Utility companies and state governments are cooperating to link rooftop solar panels and in-home batteries in local networks connected to the grid. Grids can call on the networks’ energy at times of peak demand, using computer intelligence to aggregate and manage the flow of electricity as needed.
Virtual power plants help grid utilities meet peak demand without building power plants that would be used only occasionally. Homeowners whose energy supplies are tapped collect a check for selling electricity to the grid at peak rates.
More broadly, renewable power that’s generated isn’t wasted but can flow into the grid, allowing utilities to throttle back generation at nuclear, coal-, or oil-fired central plants.

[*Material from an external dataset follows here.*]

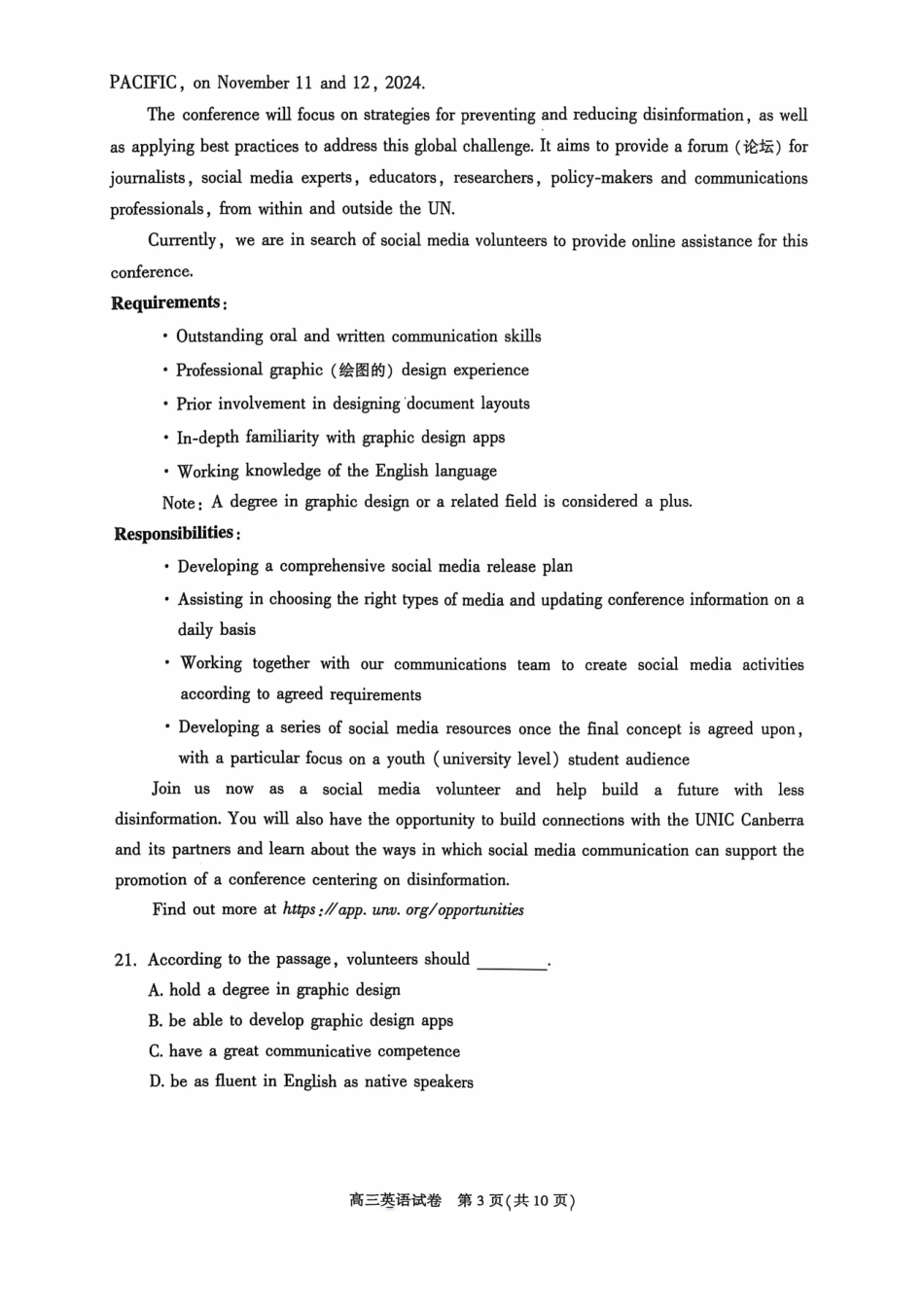 【北京卷】北京市朝阳区2024-2025学年高三第一（上）学期期中质量检测（11.6-11.8）英语试卷+答案.pdf_第3页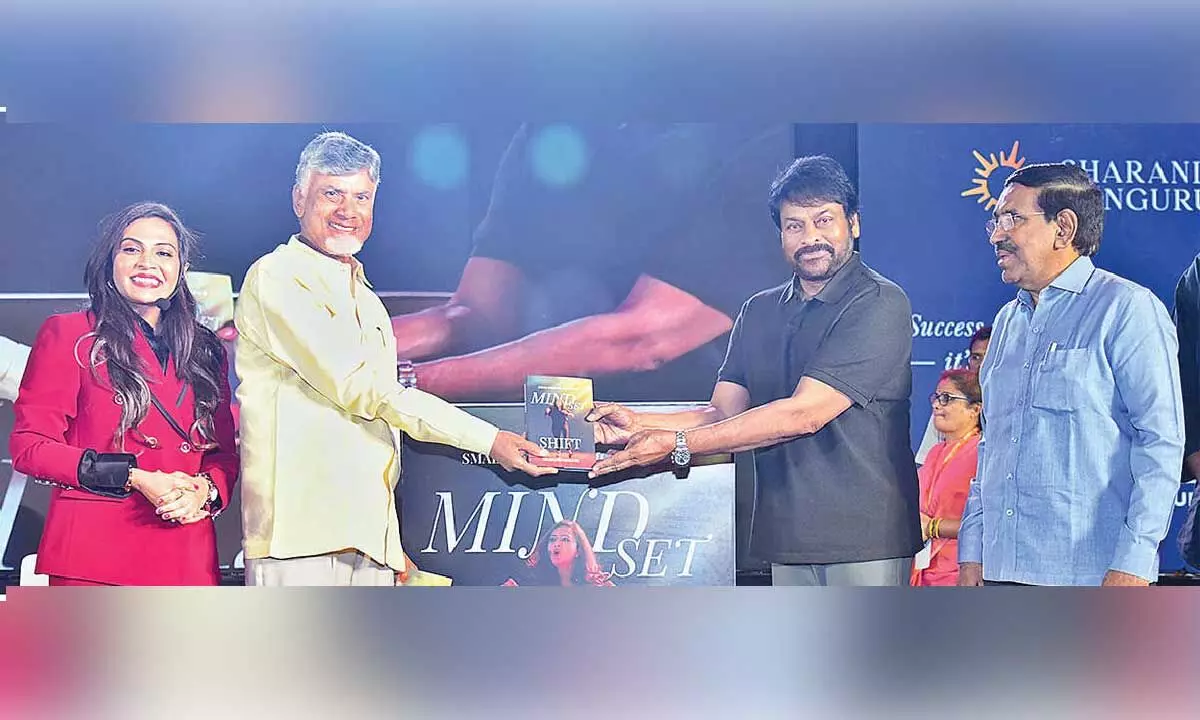CM and Chiranjeevi launch Sharani’s ‘Mindset Shift’ book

In the latest example, Western Australia’s state government is shepherding Project Symphony, which connects more than 500 homes, each with rooftop solar panels and home batteries.
The government has offered to subsidize home battery purchases on the condition that utilities can take power from the batteries as needed during peak periods.
Eventually, but not yet, virtual plants will be able to include electric vehicles and their batteries.
Australia has the world’s largest penetration of rooftop solar systems in residential markets, according to the federal government’s Department of Industry, Science, Energy, and Resources.
Rooftop solar panels generated 65 percent of the power consumed earlier this year in Western Australia’s South West Interconnected System, a utility network covering more than 60,000 miles of transmission and distribution wires, the system reported.
TRENDPOST: As we’ve reported previously (“…and goodbye, electric grid,” 22 October, 2015), utility companies are looking at a future in which their chief task will be managing the distribution of electricity, not generating it.
Increasingly, generating power will be the province of microgrids and distributed power systems. Australia is showing the rest of the world how that will look.